[AccessD] Deploying .net solutions

JWColby jwcolby at colbyconsulting.com
Fri Apr 27 09:21:34 CDT 2007


ROTFL.  If I actually ever gave a crap about stepping on toes it might, I
suppose, matter (but very damned little as it turns out).  If I stepped on
yours, well... 

Given that soldiers are dying in Iraq, men, women and children are dying in
civil wars all over Africa, opium is the largest cash crop in Afghanistan,
children are used as sex slaves all over the world, the average factory
worker in China makes just a few dollars a day... well... Hmmm...

Just how important is this again?  Java rates about 1 on a scale of 1^99 in
the grander scheme of things and my borrowing a term from that rates
somewhere about 1^9999999 in the scheme of things.
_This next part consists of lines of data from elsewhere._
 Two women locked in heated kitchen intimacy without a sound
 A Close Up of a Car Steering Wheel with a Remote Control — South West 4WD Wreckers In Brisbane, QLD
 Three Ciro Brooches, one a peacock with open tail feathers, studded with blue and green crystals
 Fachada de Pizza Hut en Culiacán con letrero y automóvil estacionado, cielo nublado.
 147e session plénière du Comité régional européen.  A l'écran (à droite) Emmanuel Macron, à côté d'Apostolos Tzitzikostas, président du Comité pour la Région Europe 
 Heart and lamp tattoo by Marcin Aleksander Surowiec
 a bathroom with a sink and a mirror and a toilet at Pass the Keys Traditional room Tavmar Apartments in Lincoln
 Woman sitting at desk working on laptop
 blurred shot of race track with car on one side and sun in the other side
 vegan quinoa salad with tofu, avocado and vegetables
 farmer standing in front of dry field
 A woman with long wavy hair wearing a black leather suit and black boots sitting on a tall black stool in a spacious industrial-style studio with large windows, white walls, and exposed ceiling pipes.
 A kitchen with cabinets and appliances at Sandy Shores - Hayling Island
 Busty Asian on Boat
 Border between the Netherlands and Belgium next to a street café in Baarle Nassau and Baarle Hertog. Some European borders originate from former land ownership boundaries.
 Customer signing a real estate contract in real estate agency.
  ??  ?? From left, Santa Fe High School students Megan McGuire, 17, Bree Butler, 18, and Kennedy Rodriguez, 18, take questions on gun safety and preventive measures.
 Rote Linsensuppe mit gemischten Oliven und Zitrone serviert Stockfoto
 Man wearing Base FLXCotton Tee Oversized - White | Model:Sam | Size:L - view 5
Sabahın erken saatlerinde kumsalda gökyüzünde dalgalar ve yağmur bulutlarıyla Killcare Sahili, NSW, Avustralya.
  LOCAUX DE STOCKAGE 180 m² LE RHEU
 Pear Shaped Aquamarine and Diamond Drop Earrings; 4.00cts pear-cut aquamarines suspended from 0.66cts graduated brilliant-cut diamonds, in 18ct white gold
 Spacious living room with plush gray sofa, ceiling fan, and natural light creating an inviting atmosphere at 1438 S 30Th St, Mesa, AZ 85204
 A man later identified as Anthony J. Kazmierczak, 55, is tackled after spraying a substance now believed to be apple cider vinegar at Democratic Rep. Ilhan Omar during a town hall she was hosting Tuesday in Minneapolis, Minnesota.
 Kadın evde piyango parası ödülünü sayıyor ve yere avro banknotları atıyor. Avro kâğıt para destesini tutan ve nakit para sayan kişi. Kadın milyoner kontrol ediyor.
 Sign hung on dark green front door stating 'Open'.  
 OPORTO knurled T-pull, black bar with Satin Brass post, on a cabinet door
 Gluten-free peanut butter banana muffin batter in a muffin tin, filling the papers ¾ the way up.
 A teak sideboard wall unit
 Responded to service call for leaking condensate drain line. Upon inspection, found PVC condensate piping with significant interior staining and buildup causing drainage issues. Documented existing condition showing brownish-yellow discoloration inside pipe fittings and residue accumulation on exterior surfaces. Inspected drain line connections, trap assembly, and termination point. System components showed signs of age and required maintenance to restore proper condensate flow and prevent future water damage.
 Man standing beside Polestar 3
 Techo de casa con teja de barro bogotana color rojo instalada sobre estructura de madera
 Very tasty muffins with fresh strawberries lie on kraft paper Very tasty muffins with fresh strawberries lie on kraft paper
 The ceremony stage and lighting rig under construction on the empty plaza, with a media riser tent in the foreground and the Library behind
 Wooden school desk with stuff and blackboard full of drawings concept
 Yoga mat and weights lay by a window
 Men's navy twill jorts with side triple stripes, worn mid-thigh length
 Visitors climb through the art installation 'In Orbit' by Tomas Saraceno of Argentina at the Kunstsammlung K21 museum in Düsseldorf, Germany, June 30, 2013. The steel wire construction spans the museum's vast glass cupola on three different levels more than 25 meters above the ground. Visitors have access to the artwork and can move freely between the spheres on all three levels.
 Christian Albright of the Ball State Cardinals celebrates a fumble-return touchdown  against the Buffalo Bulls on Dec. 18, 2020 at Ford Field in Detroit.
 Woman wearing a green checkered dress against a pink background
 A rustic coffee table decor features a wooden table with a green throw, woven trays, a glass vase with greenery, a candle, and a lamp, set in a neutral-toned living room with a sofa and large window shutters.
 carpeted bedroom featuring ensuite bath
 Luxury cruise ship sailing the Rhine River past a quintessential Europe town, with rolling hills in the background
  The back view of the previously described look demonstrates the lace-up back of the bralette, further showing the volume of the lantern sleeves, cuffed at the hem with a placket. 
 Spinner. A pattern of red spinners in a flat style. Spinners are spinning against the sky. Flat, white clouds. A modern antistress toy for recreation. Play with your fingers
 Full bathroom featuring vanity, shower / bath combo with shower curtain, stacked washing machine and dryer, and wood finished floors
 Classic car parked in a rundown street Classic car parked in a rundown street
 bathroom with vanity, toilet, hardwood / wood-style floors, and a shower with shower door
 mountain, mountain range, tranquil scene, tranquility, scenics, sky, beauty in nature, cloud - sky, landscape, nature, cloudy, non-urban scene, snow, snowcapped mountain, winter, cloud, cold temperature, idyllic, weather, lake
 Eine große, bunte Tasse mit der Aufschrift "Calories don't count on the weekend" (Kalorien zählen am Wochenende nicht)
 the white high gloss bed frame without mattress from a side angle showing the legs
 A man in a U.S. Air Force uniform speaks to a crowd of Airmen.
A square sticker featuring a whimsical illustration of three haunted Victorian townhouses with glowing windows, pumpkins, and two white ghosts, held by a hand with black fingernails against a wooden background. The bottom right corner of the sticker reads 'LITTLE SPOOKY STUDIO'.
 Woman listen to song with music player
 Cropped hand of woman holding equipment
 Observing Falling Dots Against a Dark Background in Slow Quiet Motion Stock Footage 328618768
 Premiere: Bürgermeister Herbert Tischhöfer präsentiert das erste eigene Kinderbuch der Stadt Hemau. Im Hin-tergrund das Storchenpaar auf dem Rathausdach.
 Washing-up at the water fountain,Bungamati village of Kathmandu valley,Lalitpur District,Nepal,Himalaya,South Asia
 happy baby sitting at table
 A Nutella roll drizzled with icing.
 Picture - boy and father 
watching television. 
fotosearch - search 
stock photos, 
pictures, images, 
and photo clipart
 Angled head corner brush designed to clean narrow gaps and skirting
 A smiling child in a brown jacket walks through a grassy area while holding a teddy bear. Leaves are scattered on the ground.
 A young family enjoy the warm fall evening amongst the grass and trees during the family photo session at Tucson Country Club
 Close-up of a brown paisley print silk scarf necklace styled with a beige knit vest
If my borrowing the term bothers you, I would have to say go work on one of
the problems above and then come back in a year and tell me how much it
really matters.

John W. Colby
Colby Consulting
www.ColbyConsulting.com

-----Original Message-----
From: accessd-bounces at databaseadvisors.com
[mailto:accessd-bounces at databaseadvisors.com] On Behalf Of Arthur Fuller
Sent: Friday, April 27, 2007 10:02 AM
To: Access Developers discussion and problem solving
Subject: Re: [AccessD] Deploying .net solutions

Oh sorry, JC, it's only the most widely used programming language in the
world, but when you're stepping on toes, why not step on the big toe? An
applet is a chunk of Java code that runs inside a web page. Incidentally,
that is not my statistic but Information Week's. That's why I'm learning it
now. Actually, I'm on a crash course at the moment. I'm learning Java, Perl
and C#/VB.NET (they are so similar they might as well be one language, but
there is an objective difference -- you can charge more money for C#; c.f.
Visual Studio magazine's stats).

A.


On 4/27/07, JWColby <jwcolby at colbyconsulting.com> wrote:
>
> >One doesn't write applets in VB.NET, JC, but aside from that
>
> LOL, so what, is that term reserved for Java now?  Applet = little 
> application to me.  Java is so unimportant to me that I have no 
> problem in borrowing the term to mean something actually useful.